Kritik Ulama Terhadap Ayat (Taqsim) Al-Qur’an

Seperti yang telah ditulis Zainal Abidin Sueb dalam Mushaf Nusantara, mushaf pasca era Nabi Saw. telah mengalami banyak perkembangan. Berbagai modifikasi dilakukan untuk mempermudah umat Islam dalam membaca, menghafal, dan mengkaji kitab pedomannya. Modifikasi-modifikasi ini mencakup banyak aspek, rasm, pembubuhan titik, harakat, tanda baca, hingga pengelompokan ayat (taqsim) Al-Qur’an.
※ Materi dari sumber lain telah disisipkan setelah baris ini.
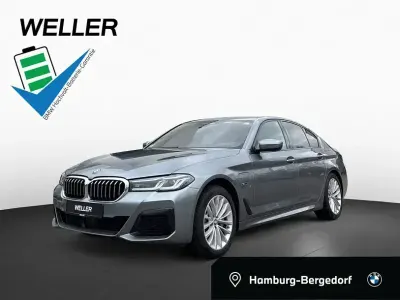 Usata BMW 530e Comfort Edition 292 CV (214 kW) 2021 Blu Berlina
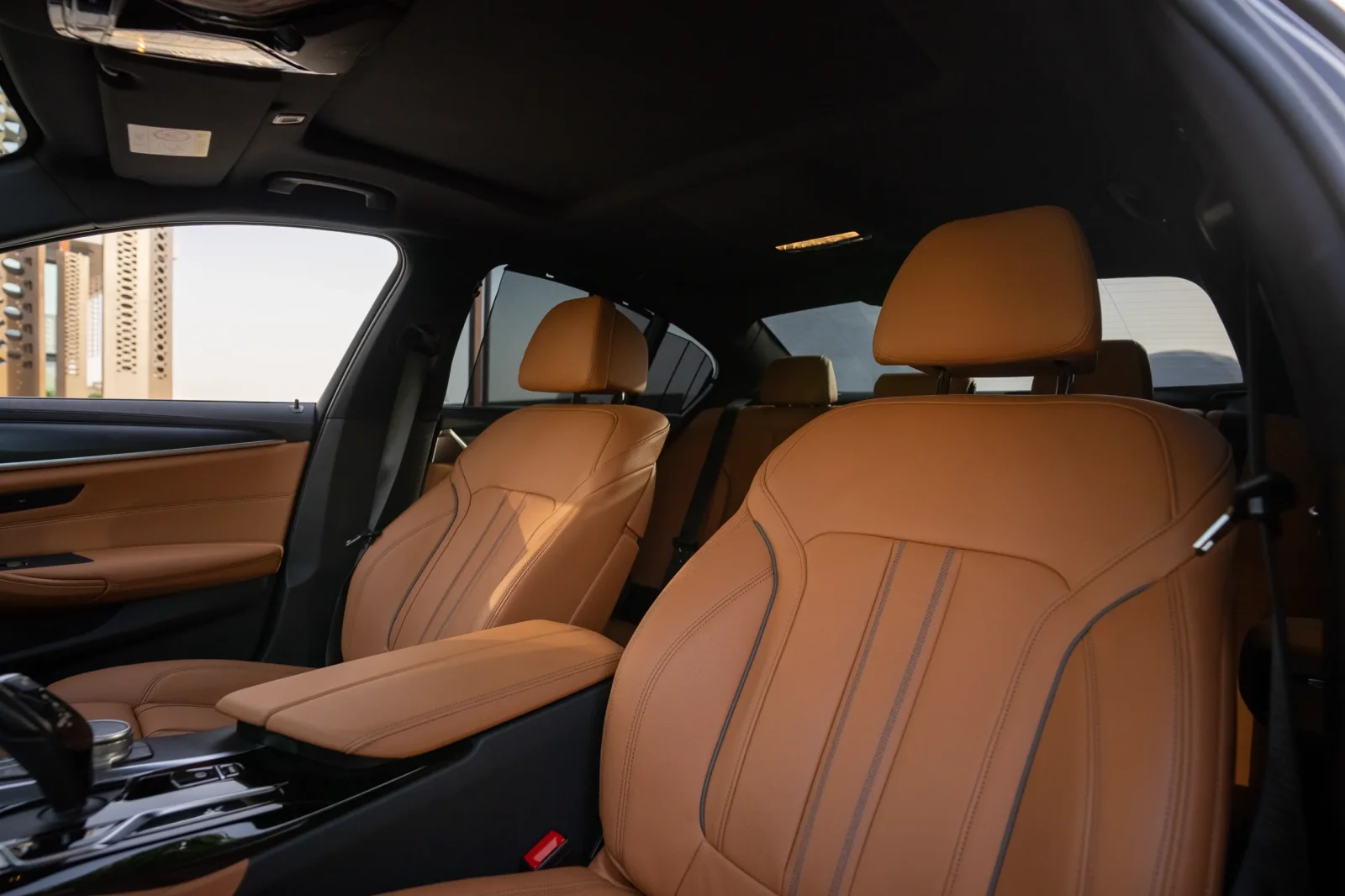 Kiralık BMW 5-Series 520 Siyah 2022 içinde Dubai - 4 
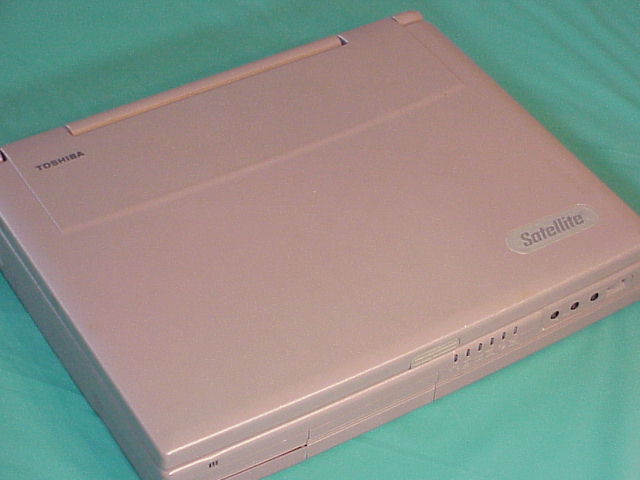 Toshiba Satellite 225CDS Laptop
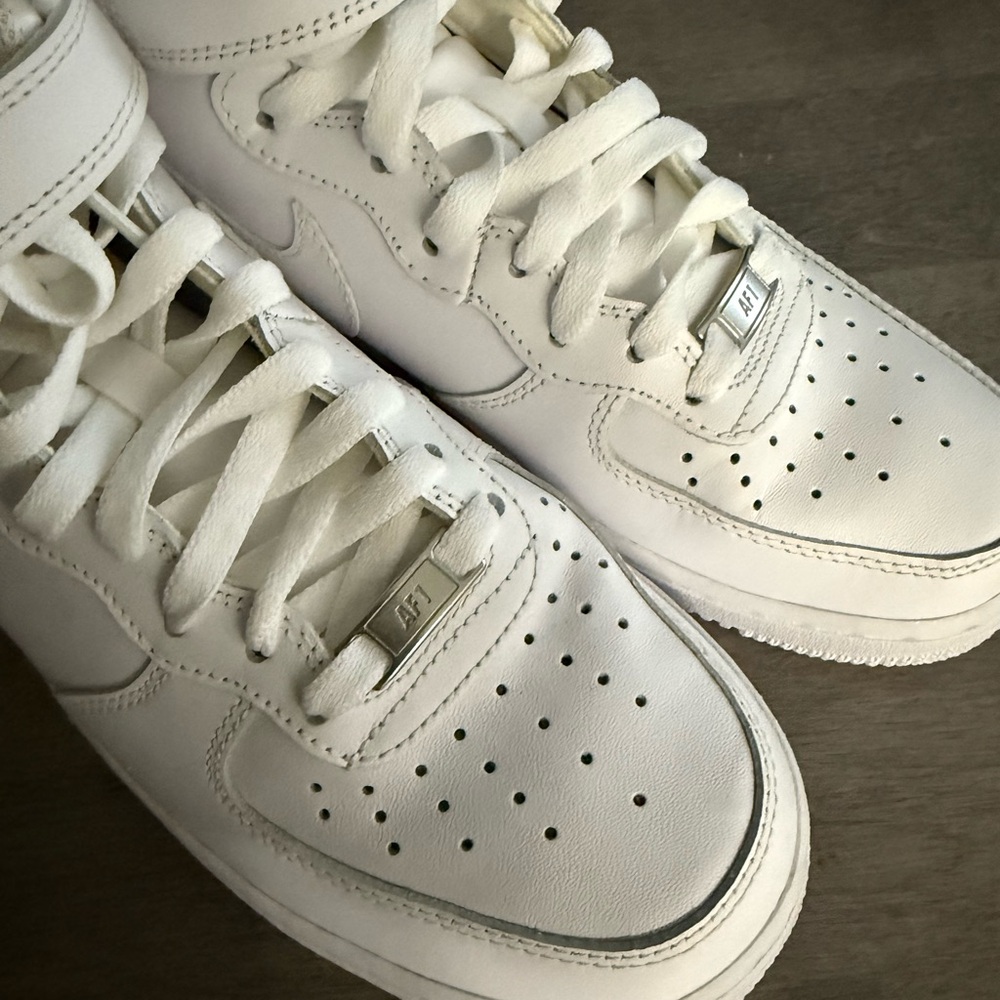 Nike Men's Classic White 2019 Mid 07’ Air Force 1 Sneakers - Picture 7 of 9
Modifikasi semacam ini tergolong upaya ijtihadiyyah. Perbedaan sudut pandang akan melahirkan hasil yang berbeda pula. Sehingga, kebenaran yang dihasilkan juga bersifat relatif, benar dapat dua pahala, namun jika salah akan mendapat setengahnya. Selain itu, sebagai bentuk resistensi terhadap produk ijtihad, kritik menjadi satu hal yang sangat wajar dilontarkan. Kritik juga penting dalam rangka membangun kompetisi, disamping sebagai kendali opini.

Apa yang hendak penulis sampaikan disini merupakan salah satu contoh bentuk kritik terhadap produk perkembangan modifikasi mushaf Al-Qur’an. Tepatnya kritik terhadap pengelompokan ayat-ayat ke dalam qism-qism tertentu.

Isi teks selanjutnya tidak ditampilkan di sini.